Toronto was brief but fun so I don’t want to sound like I’m whining. I just had no idea that Sunday was such a literal day of rest. For anyone who knows the city, I also looked into Jamie Kennedy Wine Bar, Foxley Bistro and Torito, none were open. And we weren’t ready to go out until after 9pm, which was even trickier. I have a phobia of dining when a restaurant is close to closing time and even more so when I’m the last customer in a room.
Coca appealed to me since I was interested in how Canadians were interpreting Spanish tapas (strange that I have to use Spanish as an adjective but anymore tapas means anything served in small amounts) plus they were supposed to be open until midnight, which turned out to be 11pm. That would still be fine, but it was a little off-putting that we were reminded when arriving at 9:30pm that if we wanted food we needed to order promptly before the kitchen closed. Exactly the kind of thing I hate even though the staff was completely attitude-free. It doesn’t take much to make me jumpy.

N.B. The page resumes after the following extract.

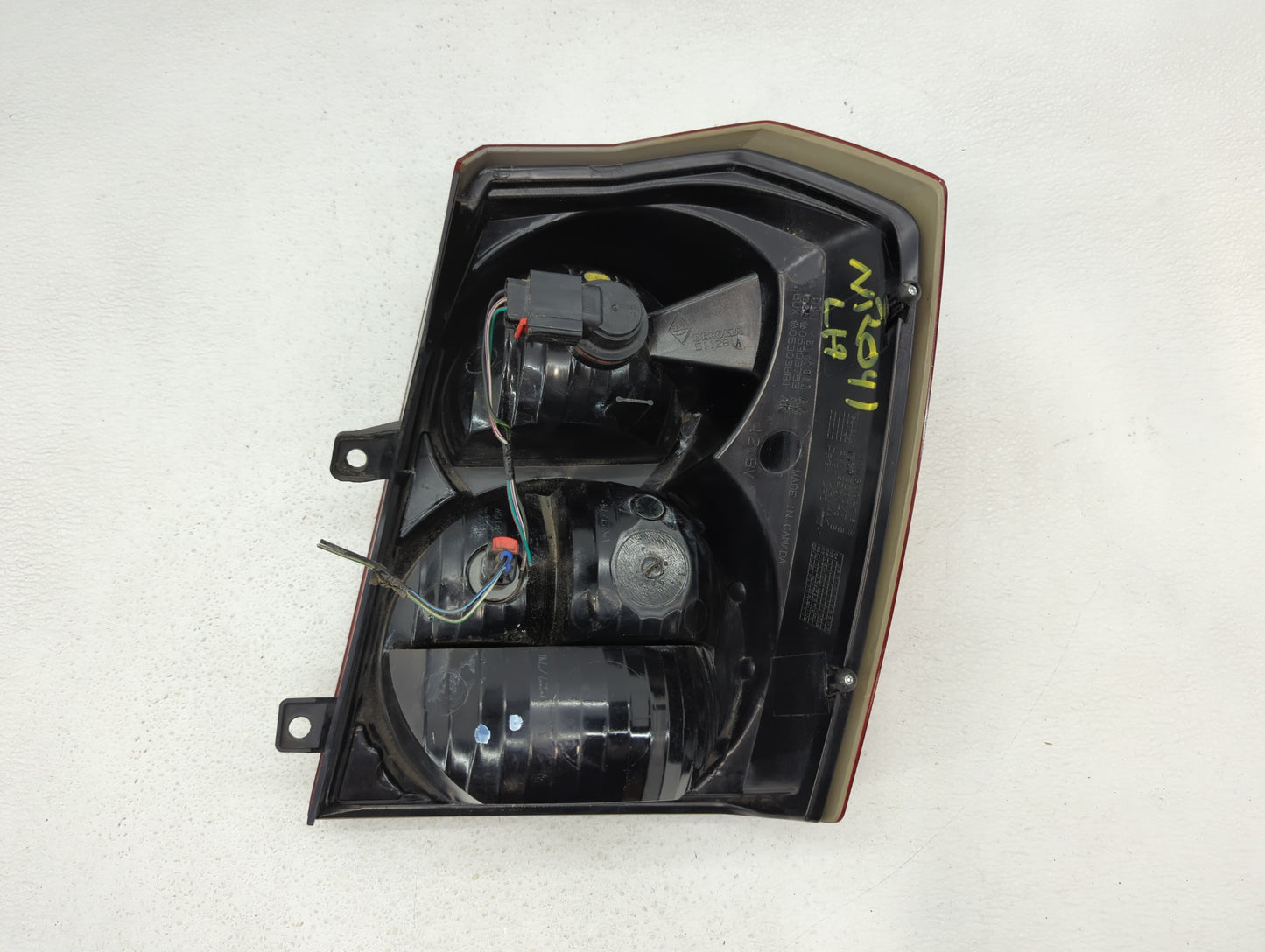 2008-2012 Dodge Caliber Tail Light Assembly Driver Left OEM P/N:320077 5160361 AA, 5303881 AH Fits Fits 2008 2009 2010 2011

I would’ve ordered more food if father time hadn’t been hovering over me. We barely had a chance to scrutinize the menu and chalkboards. Horse bresaola certainly isn’t something you’d find on the charcuterie list at Daniel Boulud’s new much blogged about wine bar. I still can’t figure out how Canadians are pretty much same as Americans except they get wound up over hockey and have no squeamishness about devouring equines.
Also on the never-in-New York tangent, I noticed Czehoski, Coca’s sister restaurant across the street (which was still full when we left, perhaps we should’ve chosen differently) had calve's brain po’boys on the menu. I'm not even sure if the FDA allows us to eat brains in the U.S.
We quickly decided on three items and a couple glasses of big, fruity Bodegas Y Vinedos de Murcia, Caracol Serrano, Jumilla. I didn' t know how to order in metric; wines are served in 60, 120 and 180 ml portions. While I normally find James's Blackberry usage irksome, it was useful to convert milliliters to ounces on the fly.
Elk, lamb and beef sobrasada and machego on toast. See? I wasn’t kidding yesterday about caribou being Canadian food. The oily sausage and melted cheese were very rich; you probably wouldn’t want to eat more than two of these treats.
Hokkaido scallops and chorizo with roasted squash consommé were the opposite. I couldn’t detect the squash and wanted double the portion. And with forks only and no bread, a lot of the liquid went to waste.
I’m still steamed about never getting to try a sugared red pepper coca in Barcelona, despite two attempts. No glazy peppers here but caramelized onions sufficed. Interspersed with gorgonzola and sliced apples, the threesome was perfect on the thin crust. You would hope a restaurant’s namesake dish would be a hit and this was.